Wie die Italiener ihr Brot, stellen Litauer zu vielen Speisen Kartoffeln auf den Tisch. Wer nichts gegen Knoblauch hat, darf bei einem Barbesuch nicht auf das unfassbar leckere frittierte Schwarzbrot verzichten. Knoblauch Deluxe! Generell sind die Litauer sehr stolz auf ihr Schwarzbrot; was uns Deutsche aber nicht sonderlich beeindruckt, da wir als echte Brotnation gute Qualität von Gebäck gewöhnt sind. Zum Nachtisch gibt es nur eines: Die Litauer sind förmlich verrückt nach Eiskonfekt. Die kleinen sahnigen Riegel beanspruchen in den Supermärkten gern mal gut zwei Meter der gesamten Kühltheke.

Das klassische Nationalgericht Cepelinai (Zeppelin) hat es mir persönlich besonders angetan. Cepelinai bestehen zur Hälfte aus rohen und zur anderen Hälfte aus gekochten und geriebenen Kartoffeln. Gefüllt sind sie entweder mit Fleisch oder vegetarisch mit einer Art körnigem Frischkäse. Serviert werden sie natürlich – wie soll es anders sein – mit Schmand.

Und trinken?
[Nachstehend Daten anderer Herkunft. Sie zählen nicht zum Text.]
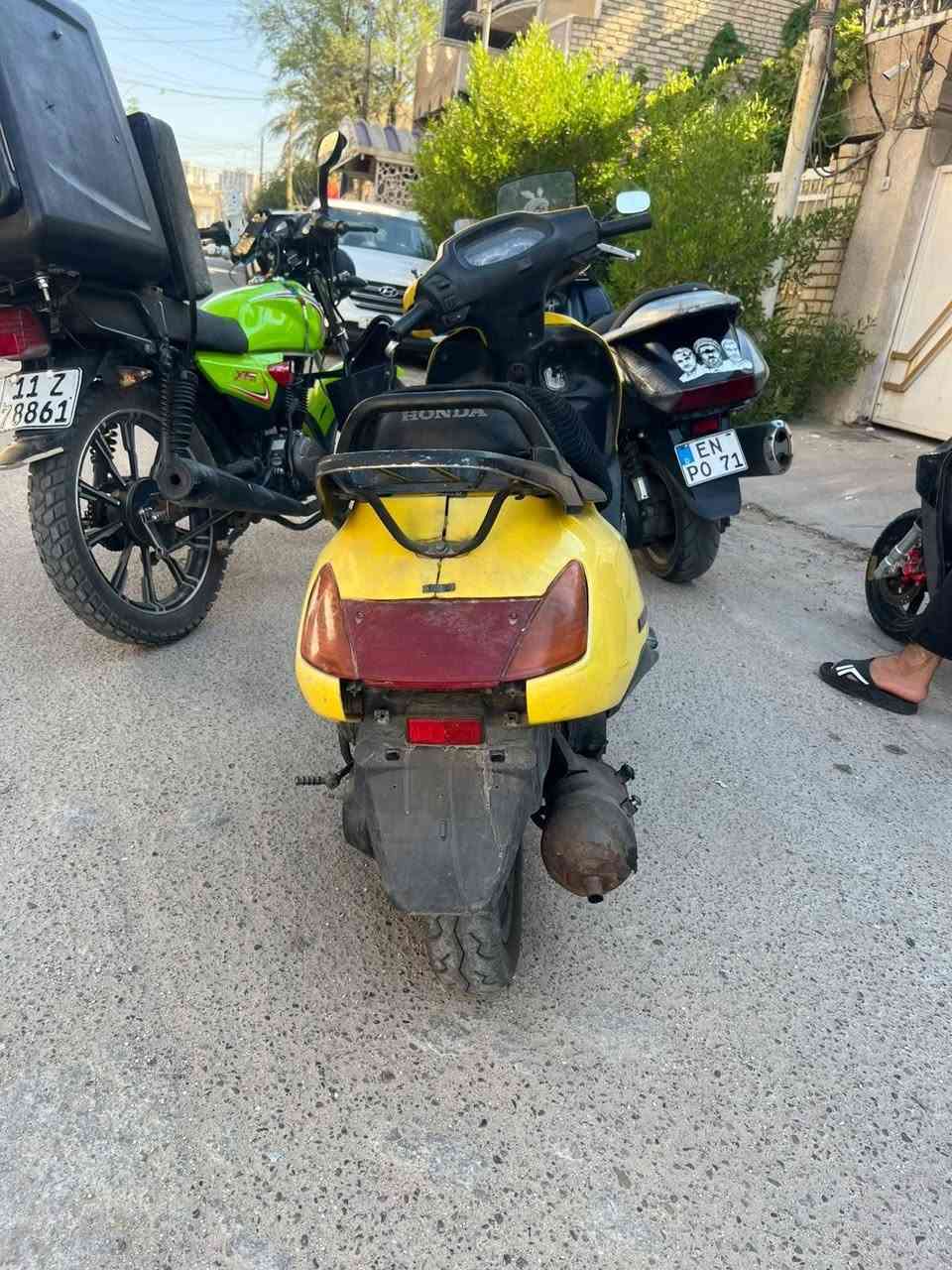 السلام عليكم 
دراجه سبيسي البيع 
دراجه كلشي بيه شغال نكره سلف مابيه نقص 
مكان دراجه بغداد حي جهاد 
سعر 350 وبيه مجال 
***********
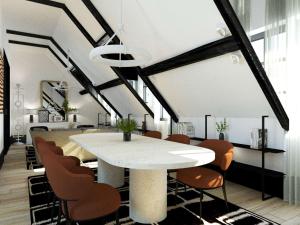 una sala da pranzo con tavolo e sedie bianchi di Balthazar Hôtel & Spa Rennes - MGallery Hotel Collection a Rennes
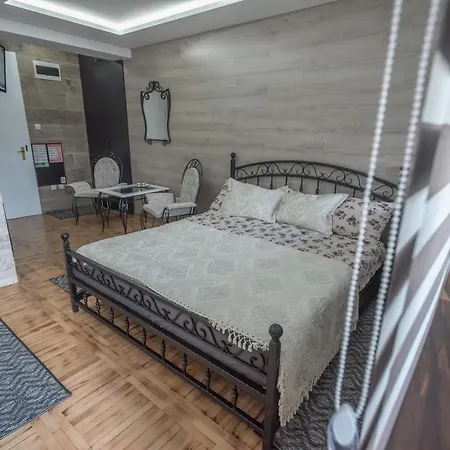 Onore Dell Sa Djakuzijem Lägenhet *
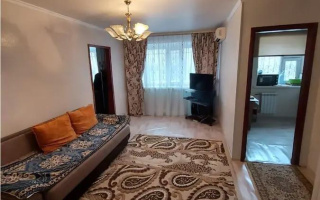 Продажа 2-комнатной квартиры, 42 м², ул. Алиханова, дом  10 - Продажа  двухкомнатных квартир в Караганде без посредников с фото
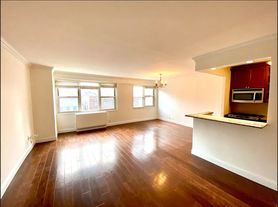 400 E 54th St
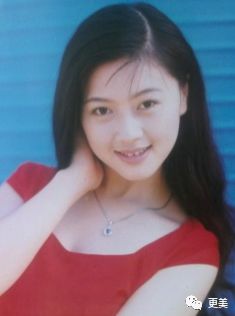 打败章子怡得影后，富商老公狱中去世获百亿遗产，人生比电视剧还狗血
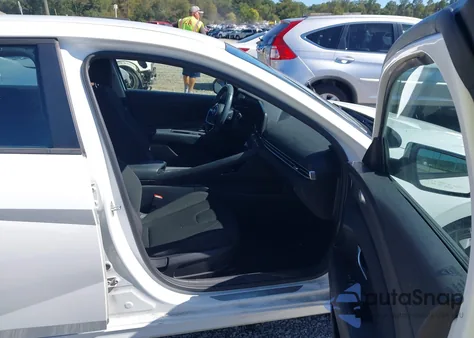 2023 Hyundai Elantra Sel from USA, damaged, VIN 5NPLS4AG3PH113819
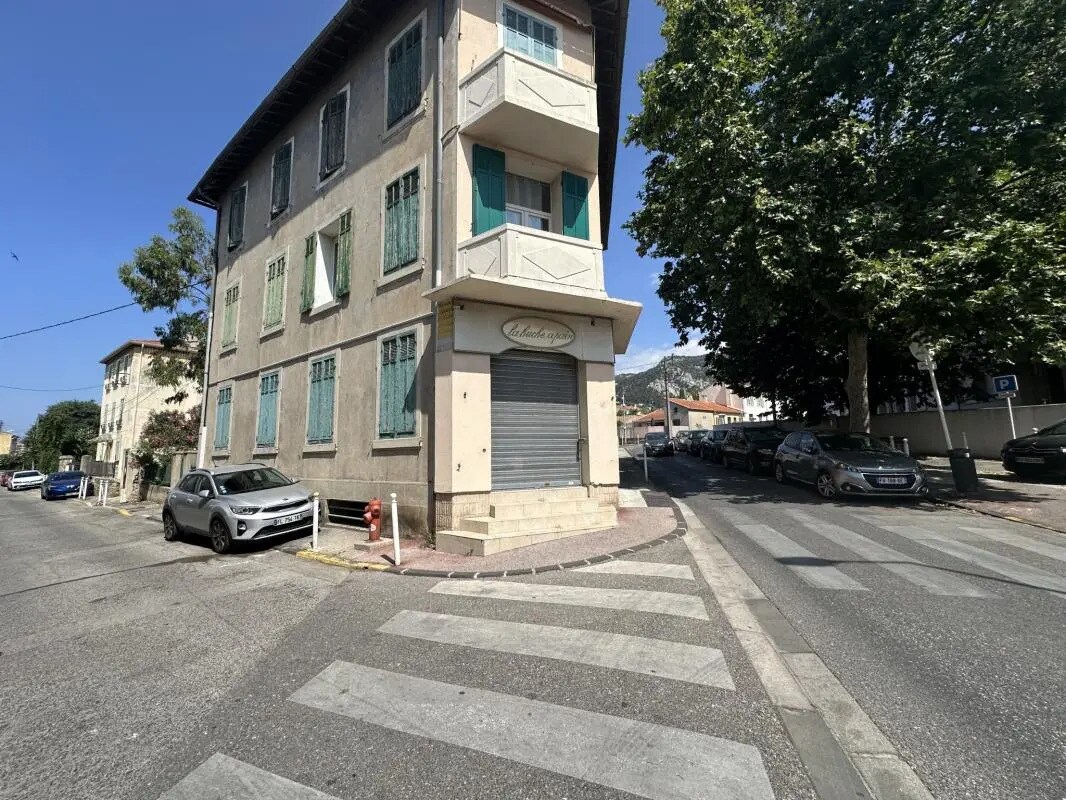 Retail in Toulon for sale Building Photo- Image 1 of 9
Kann man in Litauen auch hervorragend! Man trinkt natürlich Bier und serviert wird nur im halben Liter oder noch größer. Tatsächlich sind Tap-Bars in Litauen angesagter als in Deutschland, wo man oft nur eine Biersorte im Restaurant erhält.

Die Litauer sind stolz auf das was sie haben und für den Besucher ist es toll, sich von der Einfachheit des Glücks und der Geschichte mitreißen zu lassen. Ich komme wieder, garantiert!